After graduation, I went with Mauria Jackson to our senior party at the old Belvedere Club, not far from our Park Avenue house. Since Mauria and I were both unattached at the time and had been in grade school together at St. John’s, it seemed like a good idea, and it was. The next morning, I headed into my last summer as a boy. It was a typical, good, hot Arkansas summer, and it passed quickly, with a sixth and final trip to the university band camp, and a return to Boys State as a counselor. That summer I helped Daddy for a couple of weeks with the annual inventory at Clinton Buick, something I had done a few times before. It’s hard to remember today, when records are computerized and parts can be ordered from efficient distribution centers, that in those days we kept parts in stock for cars more than ten years old, and counted them all by hand every year. The small parts were in little cubbyholes in very tall shelves set close together, making the back of the parts department very dark, in stark contrast to the bright showroom in front, which was only large enough to accommodate one of the new Buicks.

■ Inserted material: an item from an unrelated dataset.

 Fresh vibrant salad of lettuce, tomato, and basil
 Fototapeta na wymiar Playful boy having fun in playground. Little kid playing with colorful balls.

The work was tedious, but I liked doing it, mostly because it was the only thing I did with Daddy. I also enjoyed being at the Buick place, visiting with Uncle Raymond, with the salesmen on the car lot full of new and used cars, and with the mechanics in the back. There were three men back there I especially liked. Two were black. Early Arnold looked like Ray Charles and had one of the greatest laughs I ever heard. He was always wonderful to me. James White was more laid-back. He had to be: he was trying to raise eight kids on what Uncle Raymond was paying him and what his wife, Earlene, earned by working at our house for Mother after Mrs. Walters left. I lapped up James’s armchair philosophy. Once, when I remarked on how quickly my high school years had flown by, he said, “Yeah, time’s goin’ by so fast, I can’t hardly keep up with my age.” Then I thought it was a joke. Now it’s not so funny. The white guy, Ed Foshee, was a genius with cars and later opened his own shop. When I went away to school, we sold him the Henry J I drove, one of six badly burned cars Daddy had repaired at the Buick dealership in Hope. I hated to part with that car, leaking hydraulic brakes and all, and I’d give anything to get it back now. It gave my friends and me a lot of good times, and one not-so-good one. One night, I was driving out of Hot Springs on Highway 7 on slick pavement, just behind a black car. As we were passing Jessie Howe’s Drive-In, the car in front stopped dead in its tracks, apparently to see what was showing on the big screen. One of its brake lights was out, and I didn’t see it stop until it was too late. The combination of inattention, slow reflexes, and iffy brakes plowed me right into the back of the black car, driving my jaw into the steering wheel, which promptly broke in half. Luckily, no one was seriously hurt, and I had insurance to cover the other car’s damage. The guys at Clinton Buick fixed the Henry J as good as new, and I was grateful that the steering wheel had broken instead of my jaw. It didn’t hurt any worse than when Henry Hill had slugged me a few years earlier, and not nearly as badly as when the ram had almost butted me to death. By then I was more philosophical about such things, with an attitude rather like the wise man who said, “It does a dog good to have a few fleas now and then. It keeps him from worrying so much about being a dog.”
NINE
The summer ended too quickly, as all childhood summers do, and on September 12 Mother and I flew to Washington, where we would spend a week sightseeing before I started freshman orientation. I didn’t know exactly what I was getting into, but I was full of anticipation. The trip was harder on Mother than on me. We were always close, and I knew that when she looked at me, she often saw both me and my father. She had to be worried about how she was going to raise little Roger and deal with big Roger without me to help out on both fronts. And we were going to miss each other. We were enough alike and enough different that we enjoyed being together. My friends loved her, too, and she loved having them at our house. That would still happen, but usually only when I was home at Christmas or in the summer.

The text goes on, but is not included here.